### WHAT IS NEEDED
Beginning with the line that contains "When to Consider", copy each subsequent line of the data below through the last one, including both ends but not the pictures.

[Items from a data source]
════════

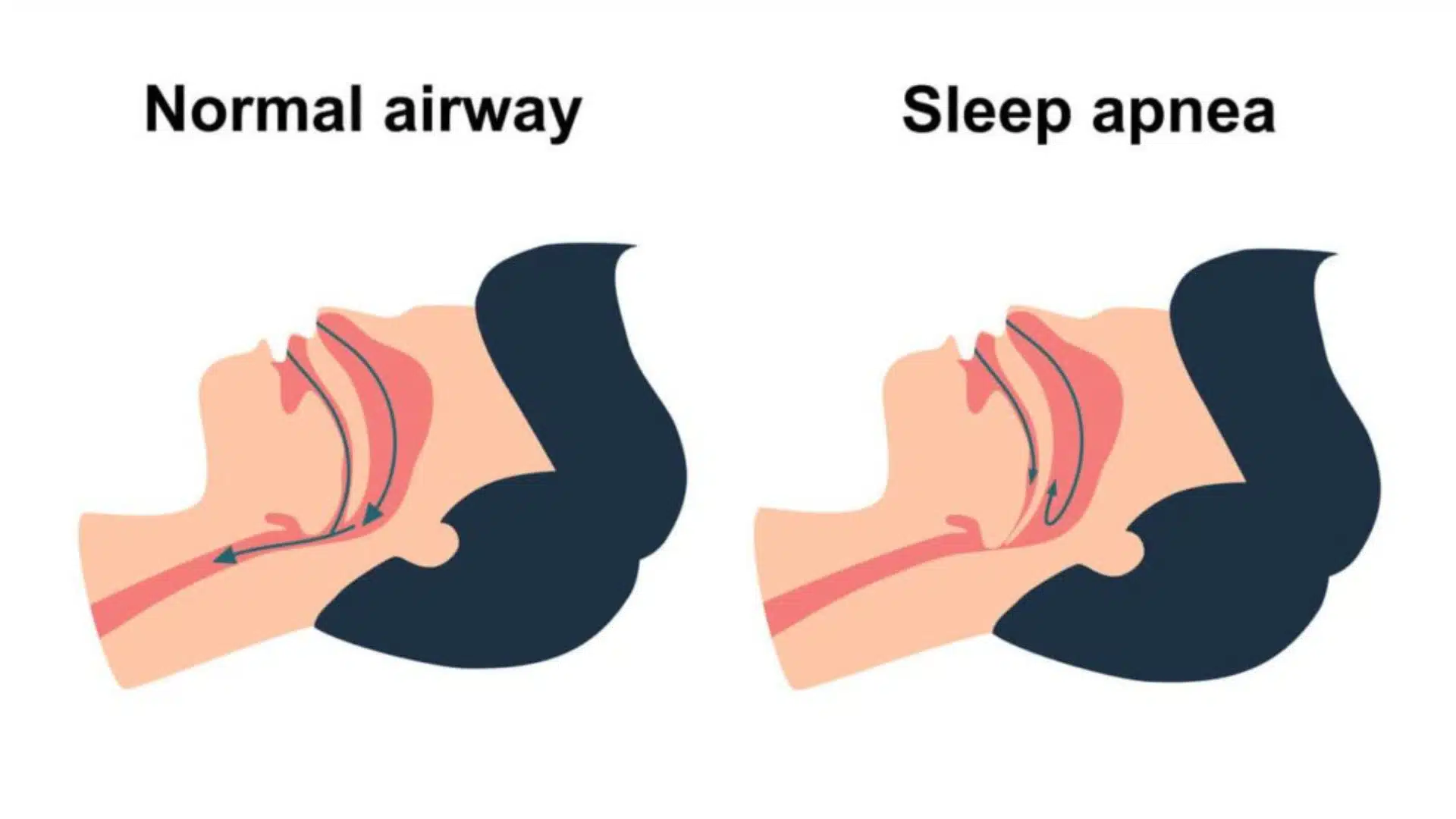 Diagram comparing normal airway breathing and sleep apnea, showing blocked airflow caused by airway collapse during sleep.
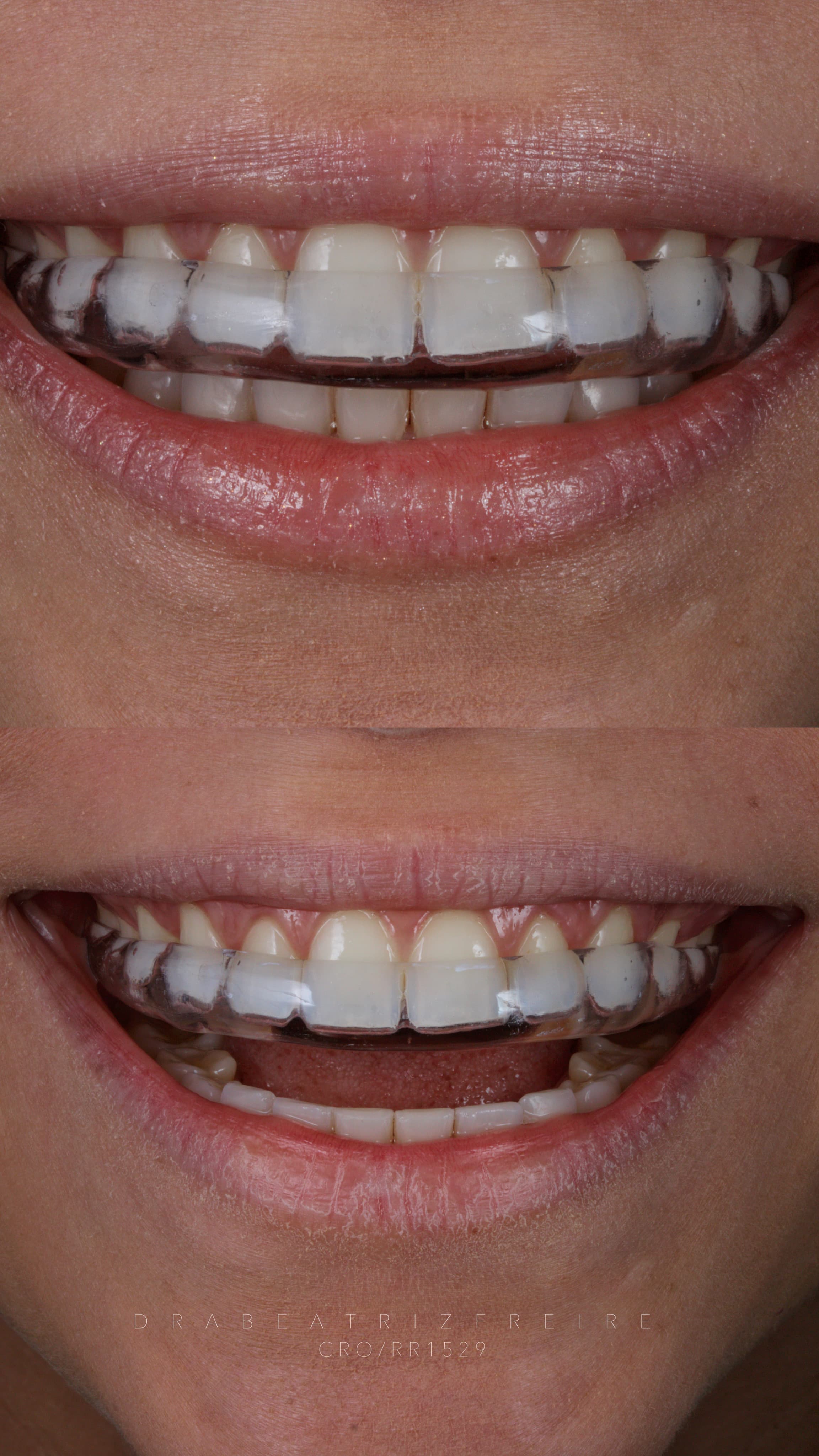 Controle do Bruxismo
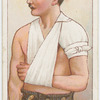 Triangular bandage.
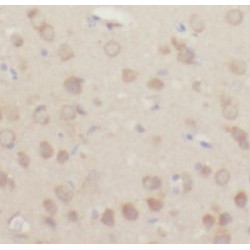 NADPH Oxidase 2 (NOX2) Antibody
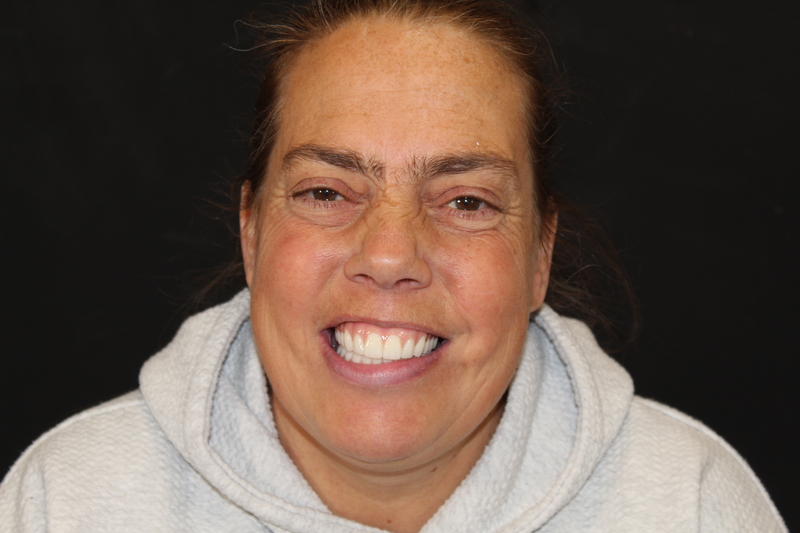 Patient 2 after New Life Teeth Zirconia implants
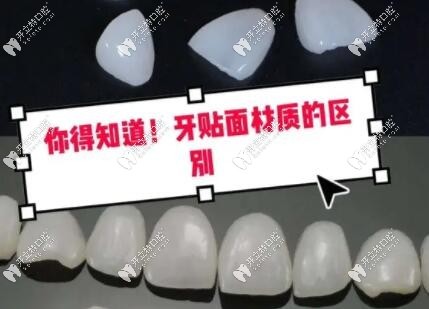 牙齒樹脂貼面和瓷貼面哪個好kelete.com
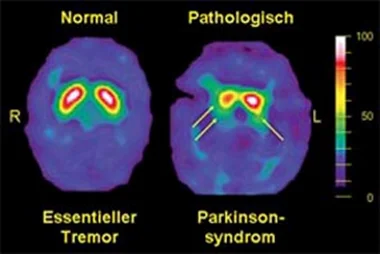 Do I really Need a DAT Scan to diagnose my Parkinson's Disease?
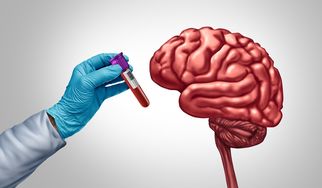 When to Consider Alzheimer’s Screening: Signs and Risk Factors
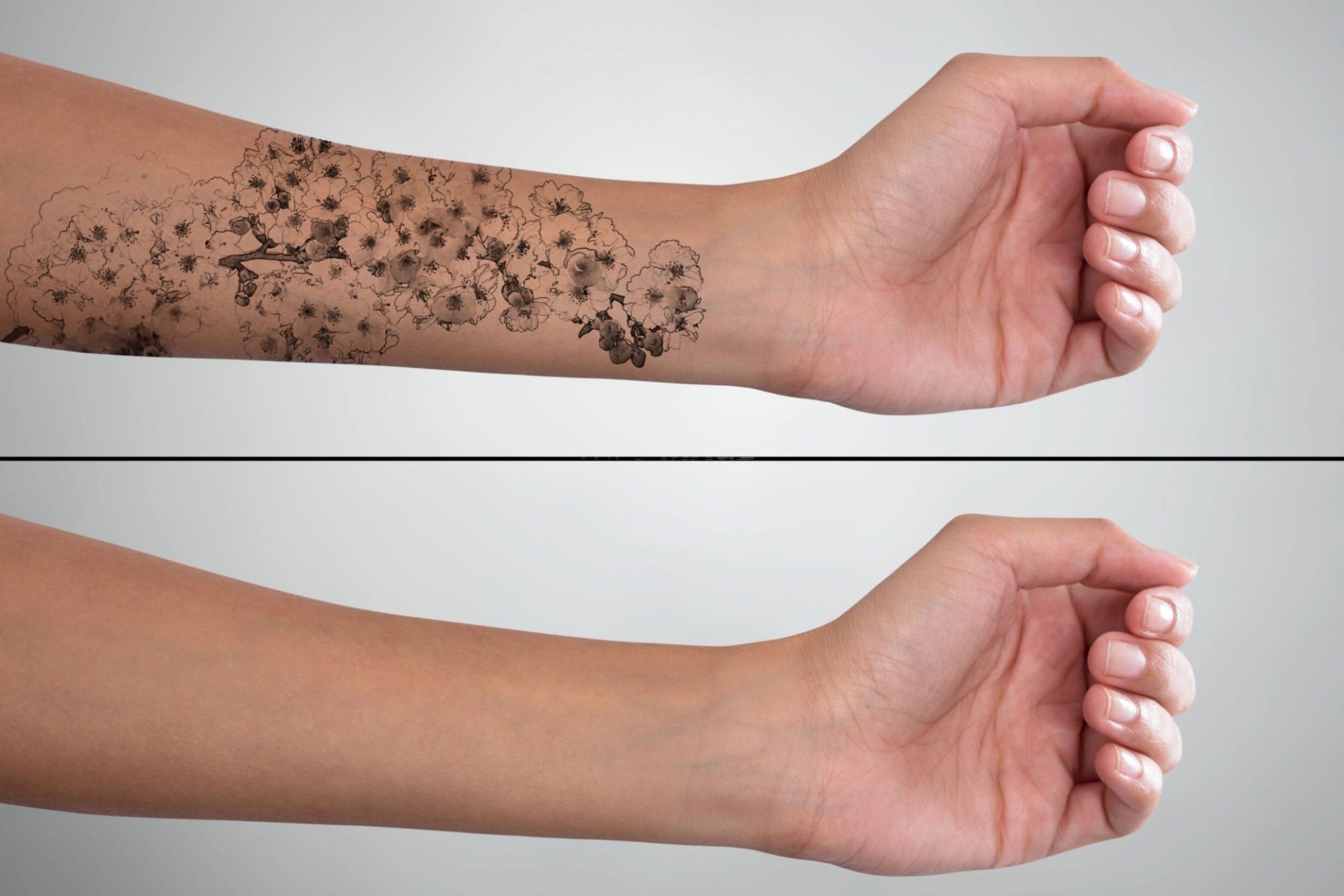 Why does laser tattoo removal cause frosting? - Goodbye Tattoos | Sydney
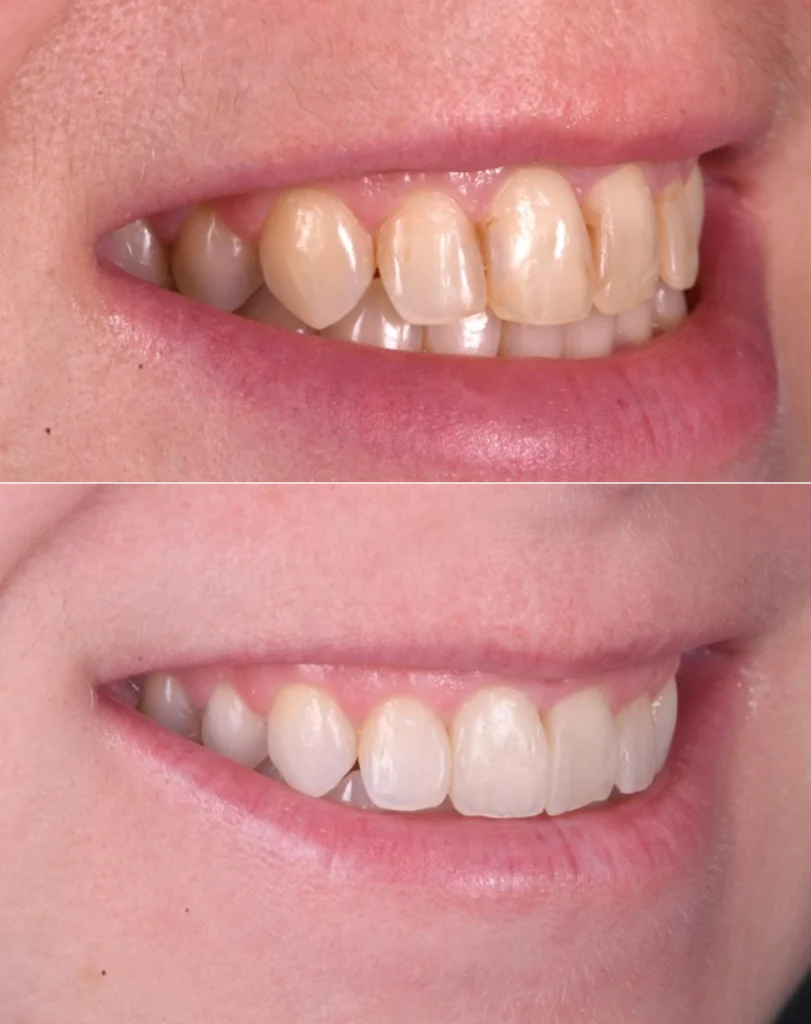 facettes gencives strasbourg facettes gencives strasbourg Des traitements esthétiques pour transformer votre sourire Dentiste Orangerie, Strasbourg | Esthétique & Implant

════════

### SOLUTION
 When to Consider Alzheimer’s Screening: Signs and Risk Factors
 Why does laser tattoo removal cause frosting? - Goodbye Tattoos | Sydney
 facettes gencives strasbourg facettes gencives strasbourg Des traitements esthétiques pour transformer votre sourire Dentiste Orangerie, Strasbourg | Esthétique & Implant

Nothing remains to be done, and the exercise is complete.